I'm going to assume that we've made all the straightforward improvements to our DSL, including allowing probabilistic expression-bodied methods. We can implement the logic of our game like this:

probabilistic IDiscreteDistribution<int> Game(int rounds) =>
(rounds <= 0 || sample Flip()) ?
rounds :
sample Game(rounds - 1);

We can do an initial lowering to a simpler form:

probabilistic IDiscreteDistribution<int> Game(int rounds)
{
S0: if (rounds <= 0) goto S5;
S1: x = sample Flip();
S2: if (x) goto S5;
S3: y = sample Game(rounds - 1)
S4: return y;
S5: return rounds;
}

And then lower that form into actual runnable C# 7. (I'll elide the unnecessary locals and temporaries.)

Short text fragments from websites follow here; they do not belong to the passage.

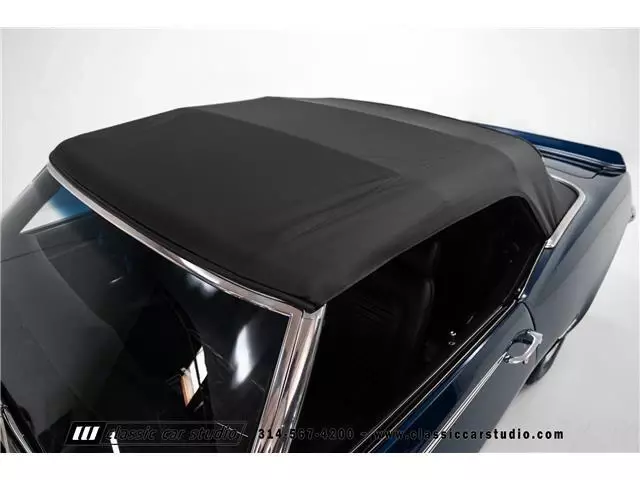 1969 Chevrolet SS Convertible - photo 7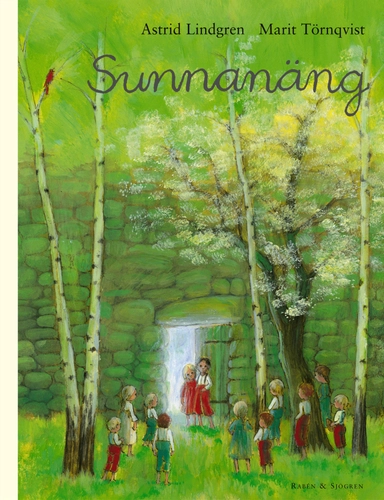 Sunnanäng; Astrid Lindgren; 2003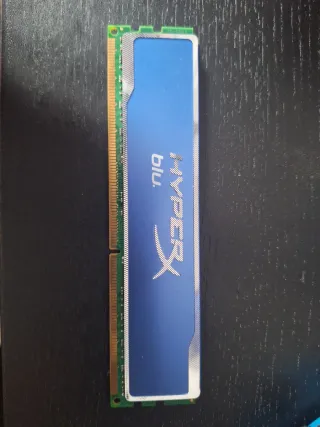 Memoria RAM Kingston HyperX Blu 4GB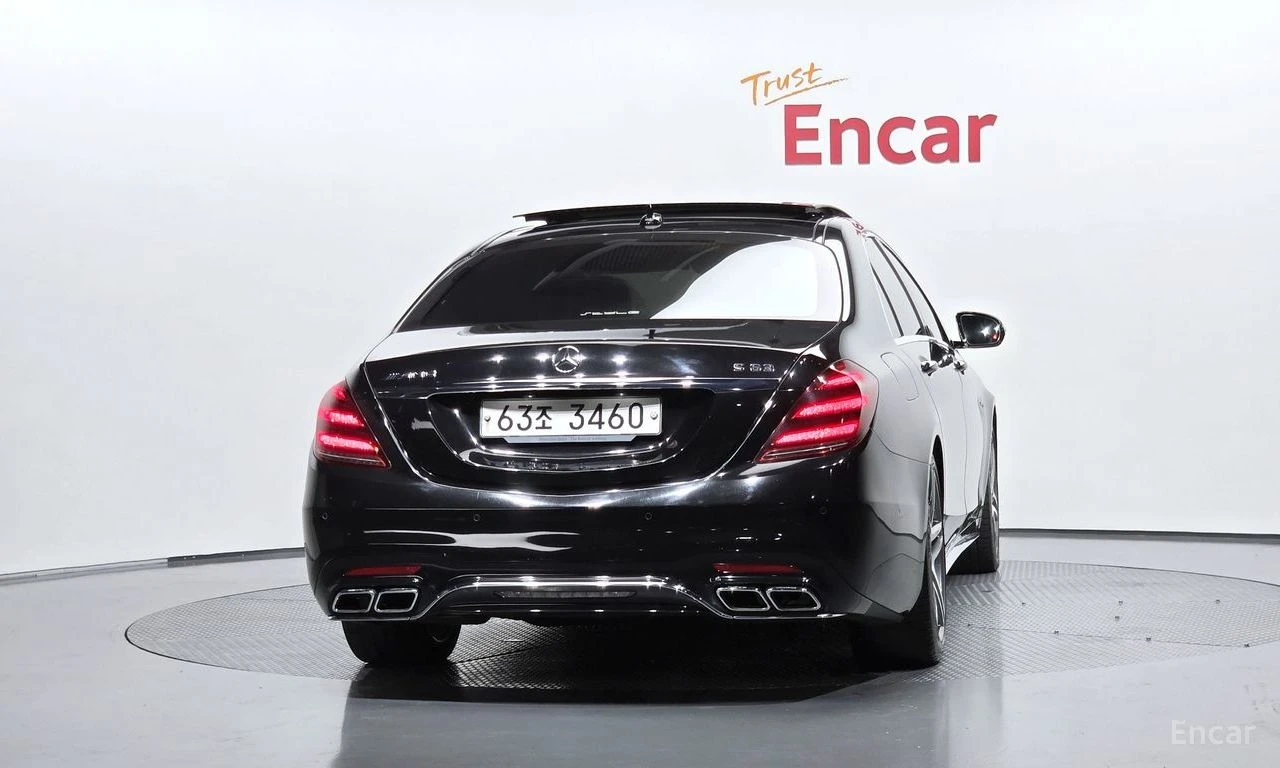 Mercedes-Benz S 63 AMG 4MATIC+ * LONG* BURMESTER 3D* �����* ������ ���� | Mobile.bg � ����������� 4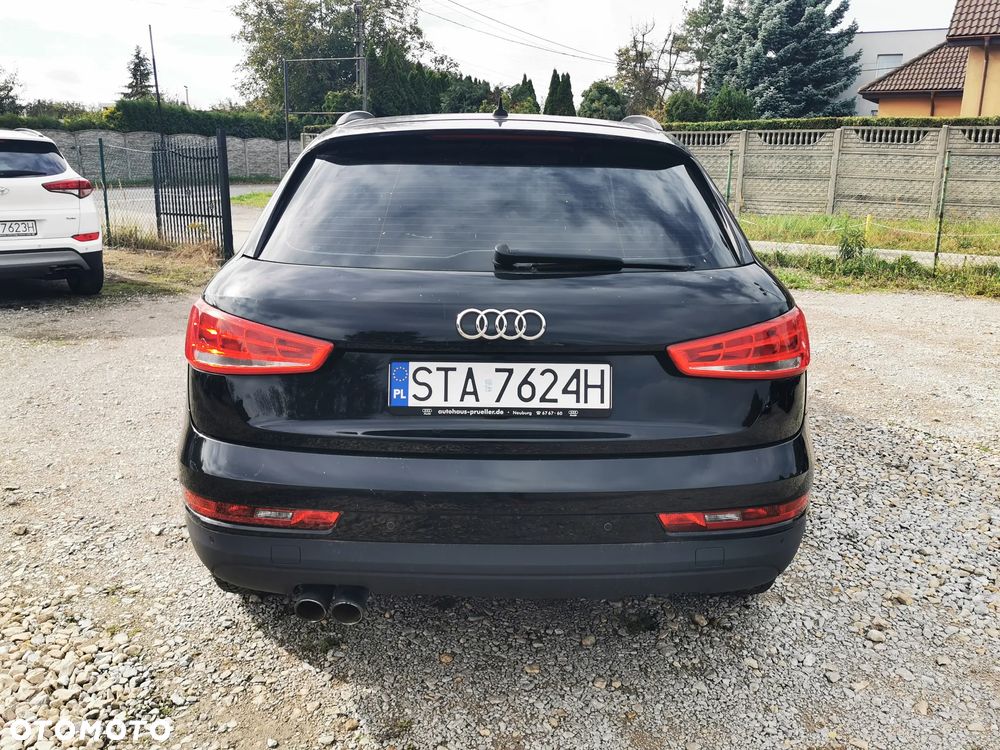 Audi Q3 1.4 TFSI design - 8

static IDiscreteDistribution<int> Game(int rounds)
{
IDiscreteDistribution<int> S0() =>
rounds <= 0 ? S5() : S1();
IDiscreteDistribution<int> S1() =>
Flip().SelectMany(x => S2(x));
IDiscreteDistribution<int> S2(bool x) =>
x ? S5() : S3();
IDiscreteDistribution<int> S3() =>
Game(rounds - 1).SelectMany(y => S4(y));
IDiscreteDistribution<int> S4(int y) =>
Singleton<int>.Distribution(y);
IDiscreteDistribution<int> S5() =>
Singleton<int>.Distribution(rounds);
return S0();
}

(Inlining that into a query is left as an exercise.)

I asked above what is the fair price to pay; that's the expected value. We can work that out directly from the distribution:

public static double ExpectedValue(
this IDiscreteDistribution<int> d) =>
d.Support().Select(s =>
(double)s * d.Weight(s)).Sum() / d.TotalWeight();

And if we run it, we get the answers we seek:

Console.WriteLine(Game(5).ShowWeights());
Console.WriteLine(Game(5).ExpectedValue());

5:164:83:42:21:10:14.03125

You, who know probability theory, could have predicted the results: out of a large set of games, on average you get paid 5 half the time, 4 a quarter of the time, and so on.

If you paid me $4.00 for the chance to play this game in five rounds, on average you'd come out ahead by a few cents. Half the time you'd net a dollar, a quarter of the time you'd break even, and the rest of the time you'd lose some or all of your money.

Again the thing that is so exciting about this technique is: we humans didn't need to work out either the weights or the expected value; we wrote a program describing the game and executing that program produced the solution for the exact distribution of the results!

In a previous series I showed how re-implementing algorithms that use doubles to instead use dual numbers can make the runtime compute the exact value of the derivative of a function at a point while it is computing the value of the function at that point. We no longer have to manually do the work to compute a derivative, and nor do we have to approximate the derivative using numerical methods, and nor do we have to do symbolic differentiation; we just imperatively describe how the value is computed, and the runtime does a little extra work along the way to exactly compute the derivative.

What I've shown here is that we can do pretty much the same thing for small discrete probability distributions! We don't have to work out what the distribution of this silly game is. Nor do we have to simulate the game, collect a hundred thousand data points, and make a statistical approximation of the distribution. We just describe the flow of the game in imperative code, run the method, and the thing that pops out the other end is the exact distribution! It's almost magical.